Wir gingen Silvester auf die Straße, um dem Feuerwerk beizuwohnen und um unseren bescheidenen Beitrag dazu zu leisten. Plötzlich rückte besagte Nachbarin ganz klandestin näher, schaute uns erstaunt an, schwieg eine Weile, um dann plötzlich hervorzubringen. „Woher könnt ihr denn die deutschen Lieder?“
Uns stand die Sprachlosigkeit ins Gesicht geschrieben (was allerdings nicht auf die schwachen Deutschkenntnisse zurückzuführen ist). Wir hatten zwar auch unsere Gesangskunst in privater Atmosphäre zum Besten gegeben, aber das konnte doch unmöglich über die Straße geschallt haben.
Um die angespannte Stille zu durchbrechen, schob sie nach: „Ich meine an Weihnachten“. Jetzt kam Licht ins Dunkeln. Wir waren ihr an Weihnachten in der Kirche begegnet, als wir die Aufführung meiner Nichte im Kirchenchor besuchten. Hätten wir es uns leicht machen wollen, hätten wir antworten können, weil die Texte auf einem Beamer an die Kirchenwand geworfen wurden. Das hätte allerdings die Frage nach sich ziehen können, woher der türkischstämmige Teil meiner Familie seine Lesefähigkeiten hätte. Ihr wurde es wohl etwas unwohl zumute, sodass sie uns verlegen die Hand entgegenstreckte und hastig ein frohes neues Jahr wünschte.

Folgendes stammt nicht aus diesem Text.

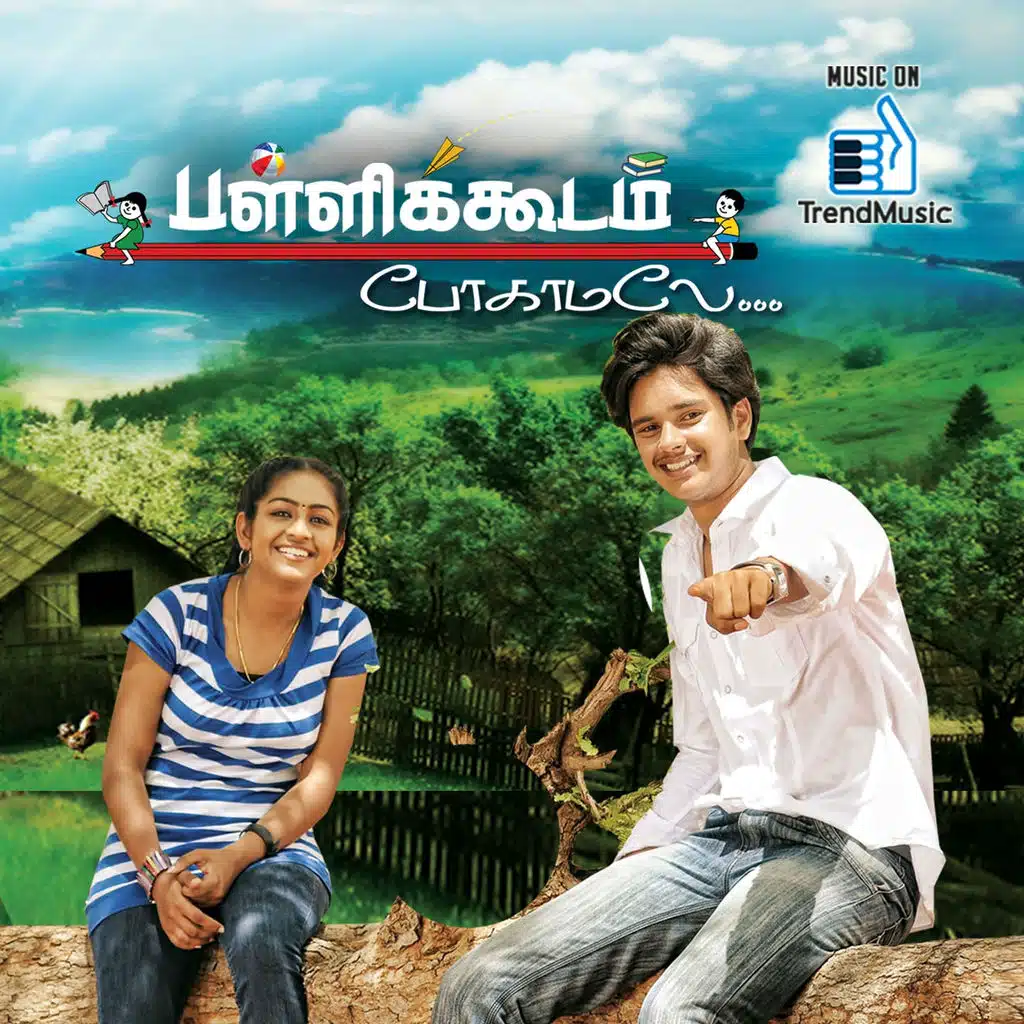 Pallikkoodam Pogaamalae (Original Motion Picture Soundtrack)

Mein Schwager wich der Hand aus, packte sie an den Schultern und umarmte sie herzlich, um ihr ebenfalls seine besten Wünsche für das neue Jahr auszusprechen. Von so viel Herzlichkeit beflügelt, ließ sie allmählich ihre Förmlichkeit fallen und erwiderte etwas steif unsere Umarmungen. Die Frage blieb unbeantwortet zurück.

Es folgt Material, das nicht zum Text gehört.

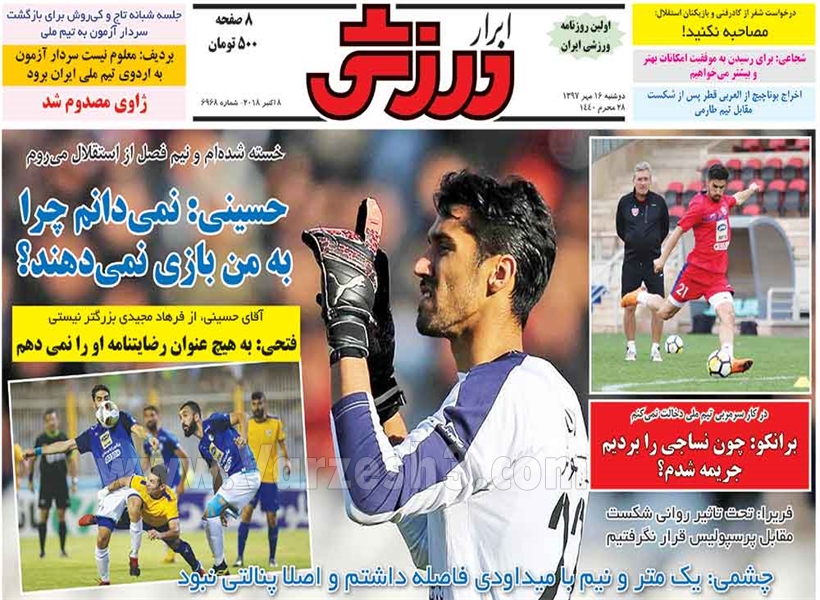  روزنامه های ورزشی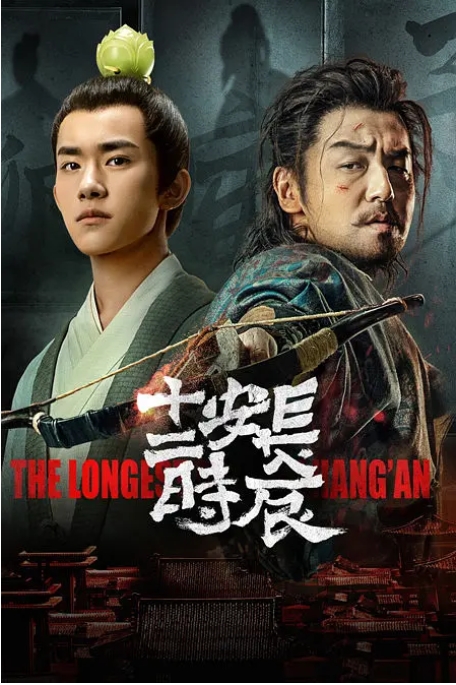 [夸克网盘][百度网盘][国剧】《长安十二时辰》（2019年）剧情 / 悬疑 / 古装 豆瓣8.1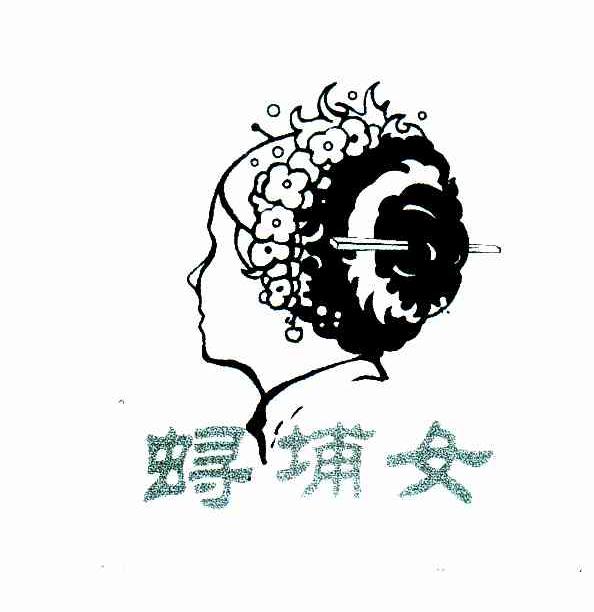埔女
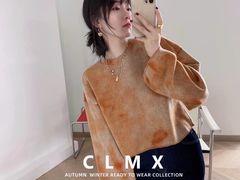 -CLMX(新天地凯德晶萃广场店)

Meine Freundin könnte diese sicherlich leicht beantworten. Sie ist das erste in Deutschland geborene Kind der Familie. In einem katholischen Schwesternkrankenhaus. Sie ist hier zur Schule gegangen, hat hier eine Ausbildung gemacht und ist seit vielen Jahren in diesem Land beruflich tätig. Selbst wenn sie Weihnachten nicht feiern würde, wäre sie sicherlich schon einmal mit den Liedern konfrontiert worden. Davon abgesehen gehört deutsches Liedgut zum Standardrepertoire unserer vielzähligen Reisen, wenn alle Mann (und Frauen) im Familienbus Platz nehmen und „Schön ist es auf der Welt zu sein“ anzustimmen. Für mich sehr gewöhnungsbedürftig. Wie auch meine Tanzeinlage, die ich bei den Silvesterfeierlichkeiten zu türkischem Pop unter Beweis stellen musste. Aber bleiben wir beim Sprechen.

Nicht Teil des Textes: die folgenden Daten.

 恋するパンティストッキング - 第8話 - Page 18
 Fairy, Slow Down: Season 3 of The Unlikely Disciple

Das Deutsch meiner Freundin ist glasklar, sodass ich sie manchmal sogar darum beneide, wenn sich ein hessischer Akzent in meine Rhetorik schleicht. Das weiß auch die Nachbarin meines Schwagers zu schätzen, die sich von meiner Freundin mit den Worten verabschiedet: „Du sprichst aber gut Deutsch.“ Das hört meine Freundin schon seit Kindestagen. Ihre Eltern haben zwar zumeist Türkisch mit ihr gesprochen, aber dennoch darauf geachtet, dass Deutsch nicht zu kurz kommt. Ohnehin waren sie eher liberal in ihrer Erziehung. Für ihre Mitschüler gab es somit nur eine Schlussfolgerung – du bist Deutsch. Wenn sie sagte, dass sie türkische Eltern habe, wurde das einfach „wohlwollend“ ignoriert, während das Kopftuch tragende Mädchen neben ihr im Bus gehänselt wurde. Darüber hinaus reichten die Lesefertigkeiten meiner Freundin aus, um die Graffitis mit Sprüchen wie „Türken raus“, die es in ihrer Jugend zahlreich an Fassaden zu betrachten gab, zu verstehen. Und die ihr zu verstehen gaben, dass sie nicht dazugehört, zumindest nicht so, wie sie es sich wünschte. Es bleibt auch heute noch immer ein Unwohlsein bei dem Gedanken, sich Deutsch zu fühlen.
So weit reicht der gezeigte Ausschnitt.